Exactly reproduce the lines of the listing below from the one containing "two men are" through the one containing "3093 Hillside Ln, Safety". Skip the images.

## Records for the task

_____

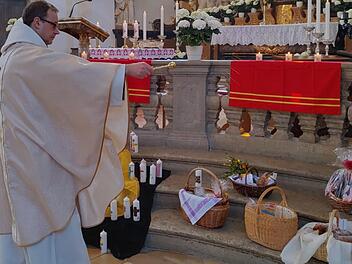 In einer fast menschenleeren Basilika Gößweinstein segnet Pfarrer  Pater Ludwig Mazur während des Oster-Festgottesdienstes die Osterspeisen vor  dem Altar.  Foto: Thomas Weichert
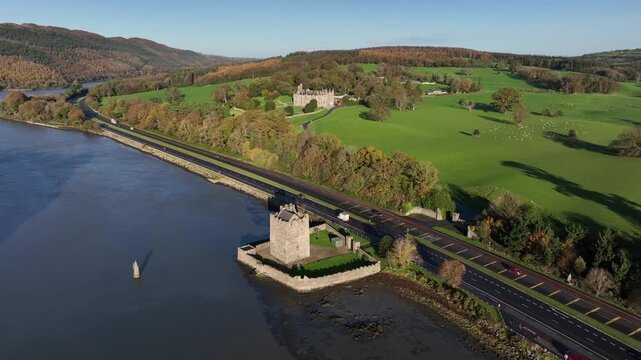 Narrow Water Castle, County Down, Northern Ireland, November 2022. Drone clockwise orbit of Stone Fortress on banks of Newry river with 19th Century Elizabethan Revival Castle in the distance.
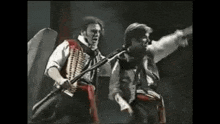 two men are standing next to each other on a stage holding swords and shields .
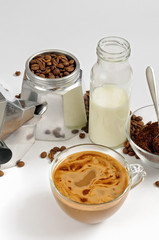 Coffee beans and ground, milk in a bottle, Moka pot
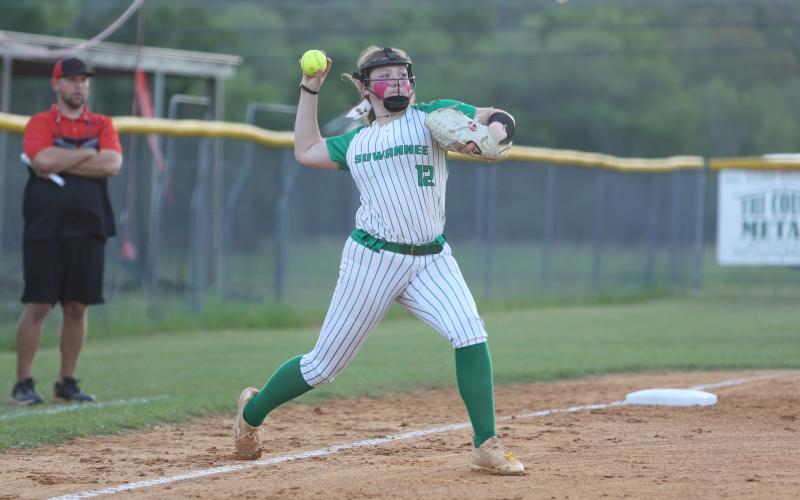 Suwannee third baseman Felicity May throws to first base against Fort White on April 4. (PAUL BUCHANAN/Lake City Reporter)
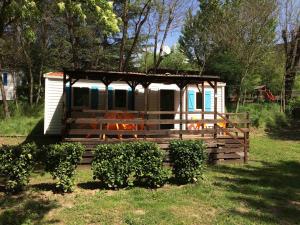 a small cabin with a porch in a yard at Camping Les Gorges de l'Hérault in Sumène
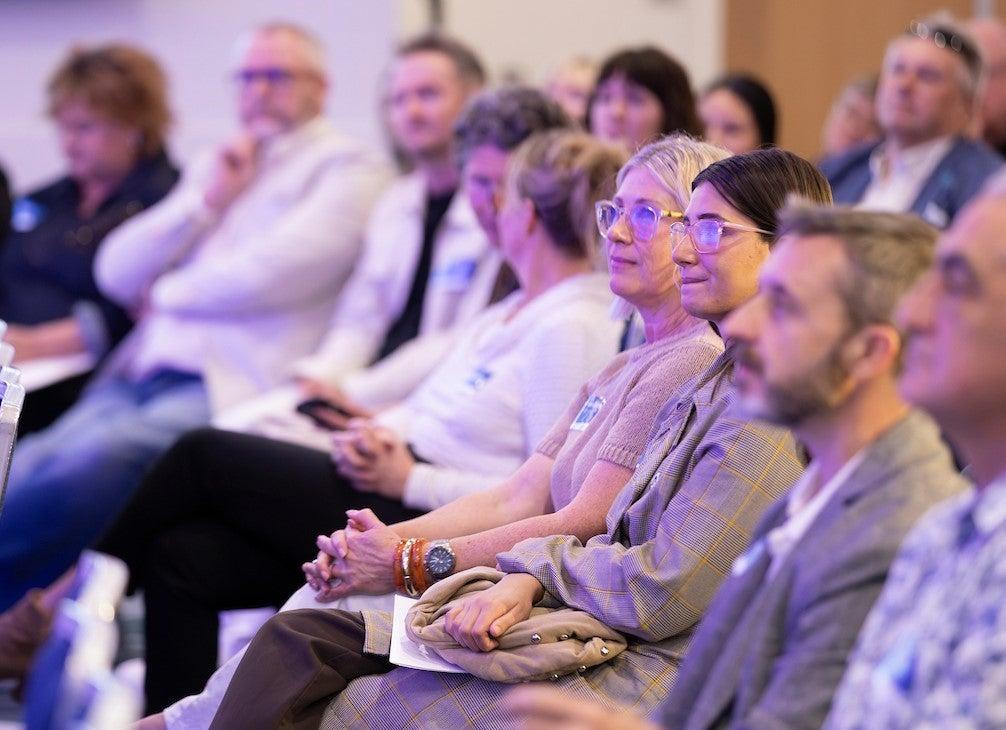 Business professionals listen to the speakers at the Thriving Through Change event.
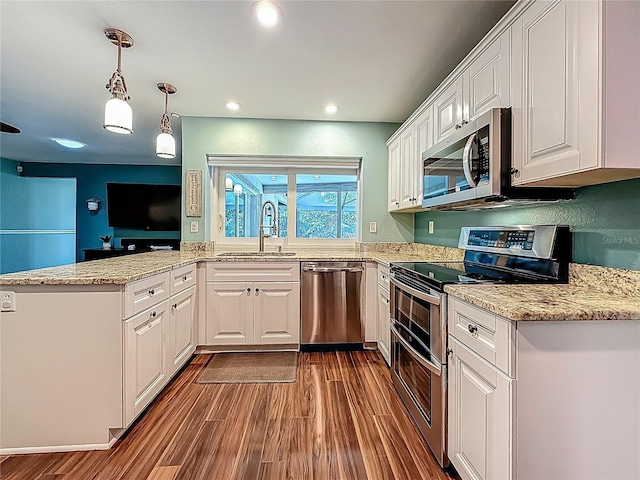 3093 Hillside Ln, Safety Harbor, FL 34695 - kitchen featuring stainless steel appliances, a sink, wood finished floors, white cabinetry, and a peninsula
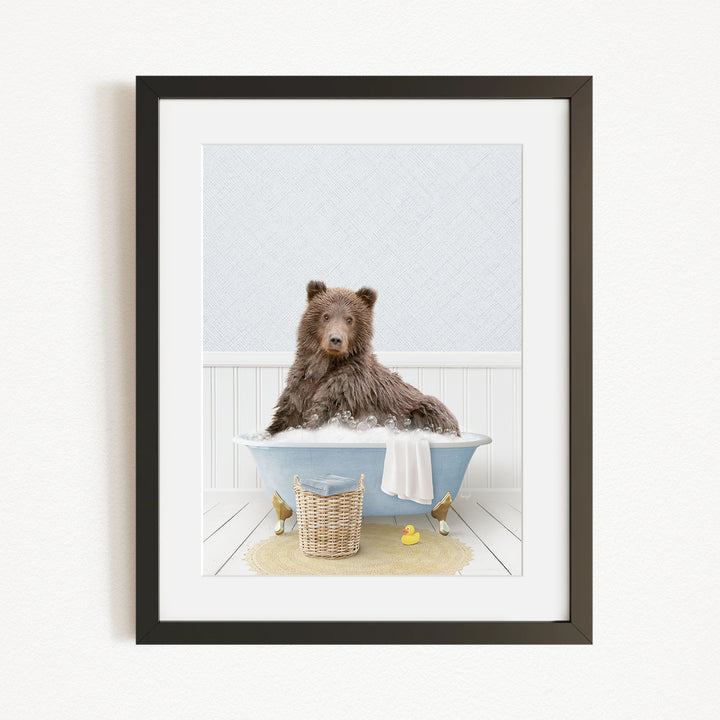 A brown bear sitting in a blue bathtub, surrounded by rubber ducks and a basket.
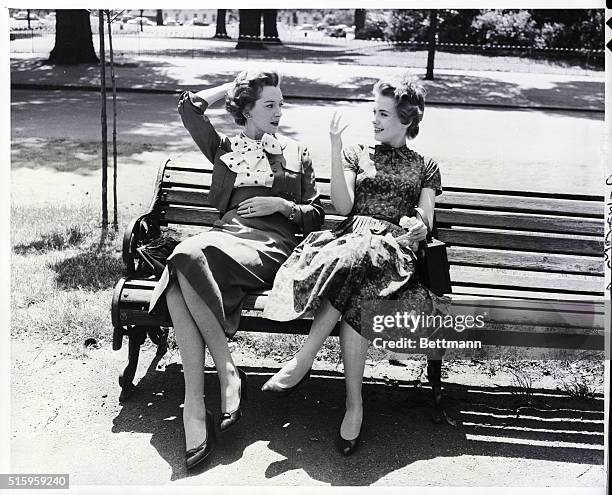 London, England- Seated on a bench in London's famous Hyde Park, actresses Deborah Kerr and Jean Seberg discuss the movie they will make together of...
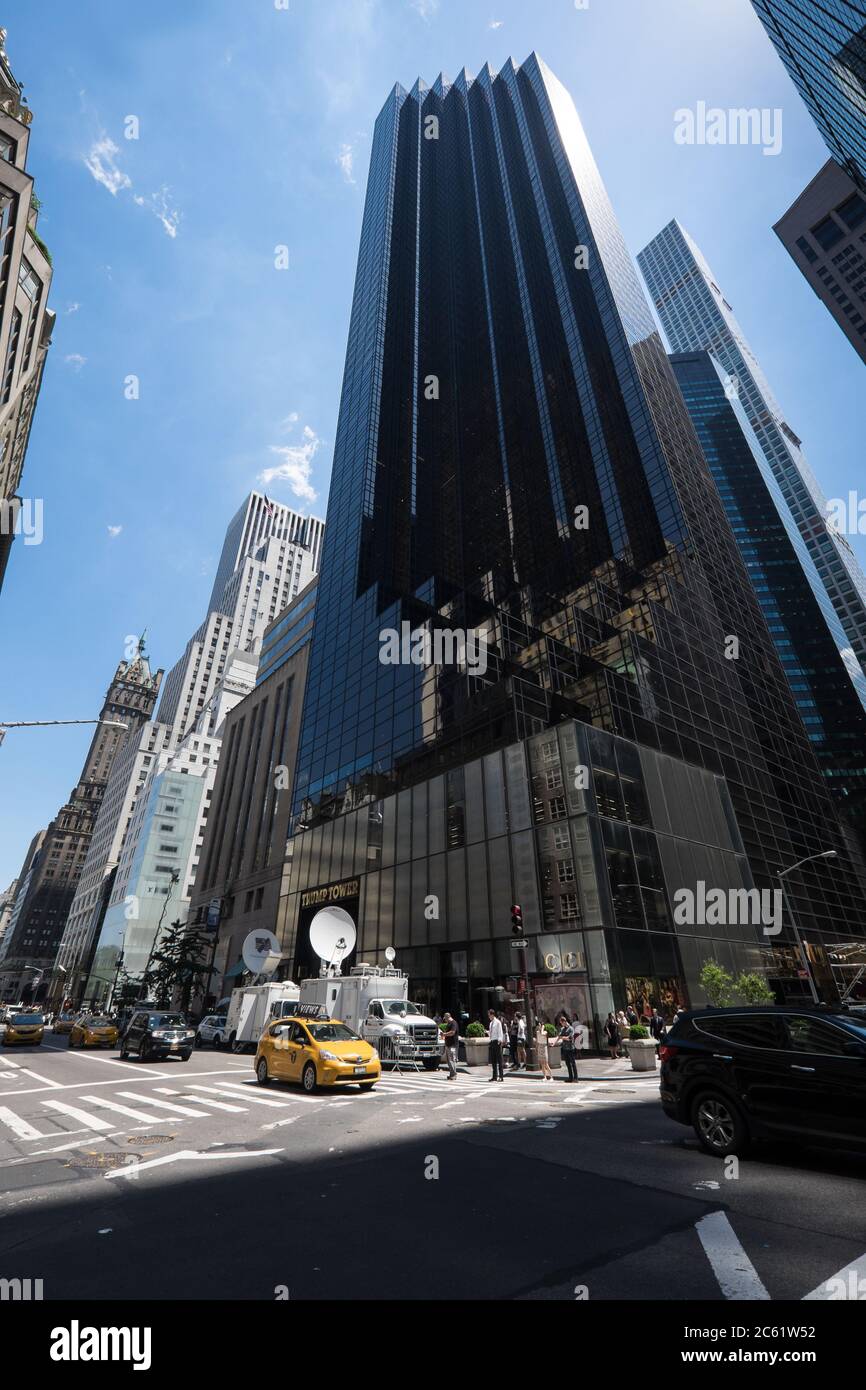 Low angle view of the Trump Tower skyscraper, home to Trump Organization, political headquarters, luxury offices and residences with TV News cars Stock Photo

_____

## Reply
 two men are standing next to each other on a stage holding swords and shields .
 Coffee beans and ground, milk in a bottle, Moka pot
 Suwannee third baseman Felicity May throws to first base against Fort White on April 4. (PAUL BUCHANAN/Lake City Reporter)
 a small cabin with a porch in a yard at Camping Les Gorges de l'Hérault in Sumène
 Business professionals listen to the speakers at the Thriving Through Change event.
 3093 Hillside Ln, Safety Harbor, FL 34695 - kitchen featuring stainless steel appliances, a sink, wood finished floors, white cabinetry, and a peninsula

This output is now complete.